Loved one dealing with a brain injury.
- lisahodgson01
- Jan 19, 2024
- 5 min read

A dear friend of mine offered me this topic. I won't name names here but suffice to say this blog is based on her situation.
She wanted to know what to do if your loved one, in this case her partner, has had a serious head injury at work and it is affecting her life and his and the changes in personality.
Now this is a serious situation. Depending on the part of the brain that has been affected and if it is permanent, which only his doctors can estimate, then treating this situation depends on the prognosis.
I am approaching this as if this friend was my client and as if it was from her perspective. It is out of my skill set to advise on her partner's situation. I can only help someone like her in her position. How to manage and cope in such a trying time.
Back story: This friend, let's call her Anne, has a partner she lives with, let's call him Ken. Ken got hurt badly at work. He had a nasty blow to the head, and it was serious. Possibly damaging to his brain. He suffers migraines now because of it and his personality has altered. He is forgetful, has spatial awareness issues and is sometimes aggressive when he thinks he is being 'normal'. Anne loves him but it is putting a strain on the relationship.
There is an ongoing legal issue around this accident, and they are also dealing with that.
Now if Anne was my client, I would be helping her in her part in all this. She is having to be vigilant for things, such as, tea towels being left on the stove and set alight. His driving is impacted. There are aggressive interactions. She is working hard to stay mindful it is not his usual personality. That he can't always help it. He is seeing therapists and doctors and is well taken care of. But she lives with him, and it is exhausting.
Now addressing this as a counsellor is unique depending on each individual case. One head injury situation may be different to another. So what I advise her may not fit for another.
This blog, though, is not advice. It is an example. Please see your own therapist for advice. It is for information purposes only.

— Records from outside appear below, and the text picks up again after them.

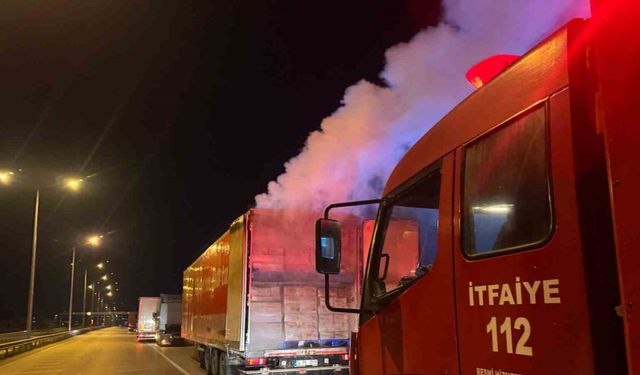 Amasya’da kuruyemiş yüklü TIR’ın dorsesinde korkutan yangın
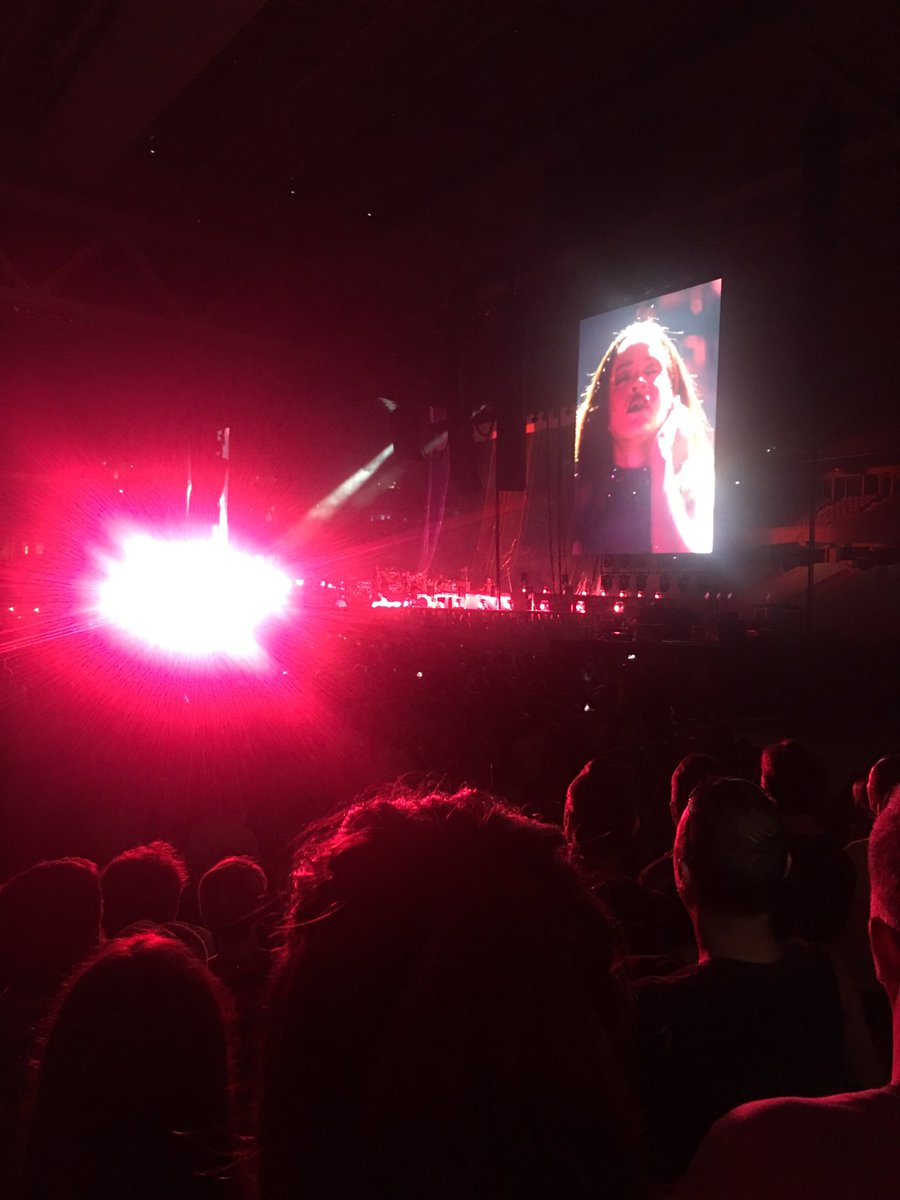 Dap_Quentin's tweet photo. Superbe soirée ! @rihanna @StadePM @SkyrockFM @PriskaOfficiel https://t.co/PAi5fa4bgY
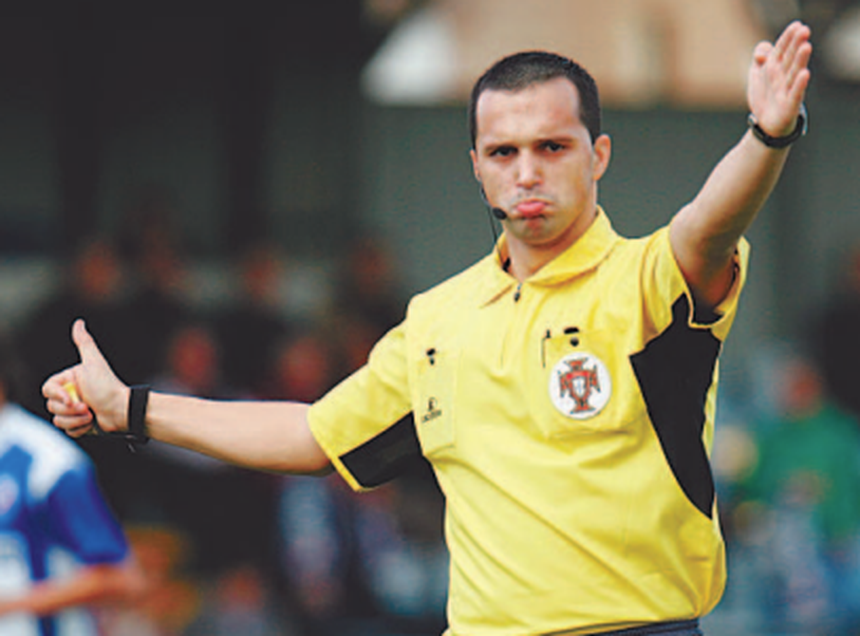 Rui Silva como árbitro principal em 2008 (Foto: Miguel Nunes)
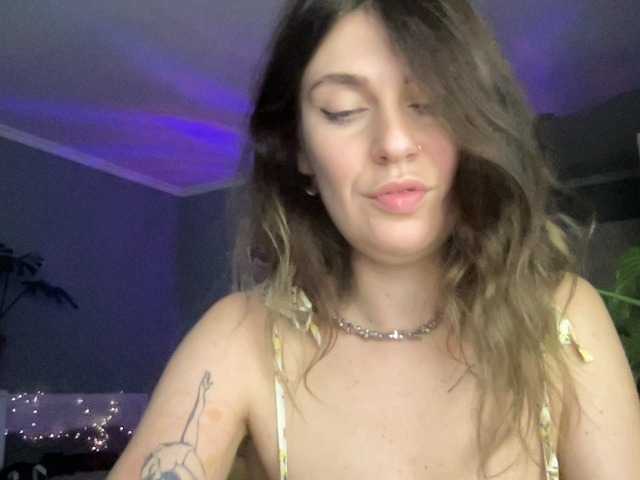 Rita-Tease live webcam show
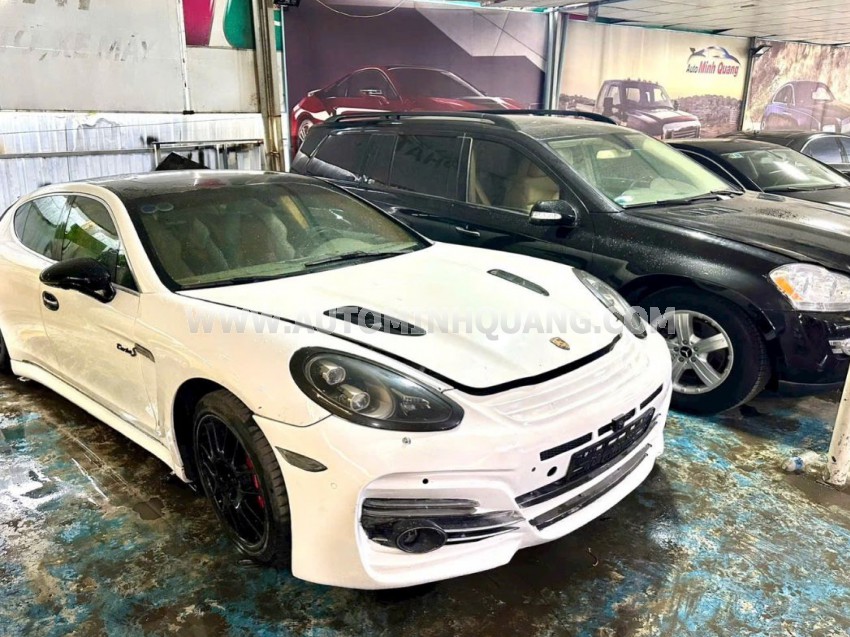 Porsche Panamera 4S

I would work out with Anne how she can pace herself. To find ways to safeguard the house, herself and her partner and anyone else in their household. But because we are dealing with her mind and emotions, we have to make sure she is safe and has no ideation. This is risk assessment. To see what she does to take care of herself. If there are arguments to maybe find ways to stay even in temper and breathe. Let go of slights as someone with a head injury are not their true self.
There may be need for respite care. Someone to come in and take the load off Anne's shoulders so she may rest. She has to watch her own mood and do more pleasurable things to fill her own cup. To recognise the limits in the things she can talk to Ken about. Meaning, avoiding hot topics that may cause a flare up. To remember they will get through this and to remember the good points and good times in their union. Rest is important and self care. Especially if she is in a carer-like role for Ken.
It is important that Ken keeps seeing his own support team of doctors, counsellors or psychologists. Because this is turning legal then the stresses will be over a stretch of time and not immediately resolved.
I want to make sure she is eating right and sleeping and hydrating. To find ways to work towards not getting drawn into potential arguments. To remember Ken maybe doesn't mean to be harsh. To also remember that the team on board for Ken are working to help him.
She needs to fill her own cup which means she will then have the mental capacity and energy to deal with it all and to hold her own temper and temptation to bite back.
I would encourage her to rely on her friends and family if possible as a support system. Also, maybe find a support group for people also going through something like this. Social media has a search bar for her to find a group. Maybe her GP also has leads. As a counsellor I could also give her leads and maybe even a referral to a counsellor who has a special interest in head injuries and families.
If you are going through this then maybe this case study can help you. You are not alone. I find people actually benefit a large amount from just talking to someone like me. They don't want to burn out friendships or burden families. Some people actually have very little support system. It really does help to talk it through and to be heard, witnessed and understood. They feel supported.
I love what I do and each client is special to me. I genuinely care. One client said she could tell I cared. She could hear it in my voice. I want to tell you this so you are reassured that we counsellors, therapists and psychologists really want to help. We are in this business because we love helping people and for most of us, we care. A lot of us have actually had lived experience also.
We refer on if things are out of our scope of practice and in the case of the case study above there may be a need to be honest if you feel you can or can't help someone in this situation. The main thing with Anne is support and listening and being there for her as she goes through this. As mentioned, this is a case where the stress is ongoing for the foreseeable future so helping Anne to develop skills to help herself and Ken and once all the legal stuff has been dealt with and maybe Ken's health improved, if that is possible, then they can debrief less often with someone like myself.
Anne needs to be supported. It can be isolating to go through something like this. Add to that, if the brain damage is permanent then she will have to deal with the grief of the loss of their relationship and how it used to be with how it is now. It is a journey. Not a quick fix. But if she is supported, she, they, will find their way through it. This case study is far more complex, so I have simplified it here for your benefit.
That is me for this month.
Remember if you have a need for 24/7 support there is Lifeline and Beyond Blue.
See you next month.
Lisa and Luna, the wonder cat who is apparently helping.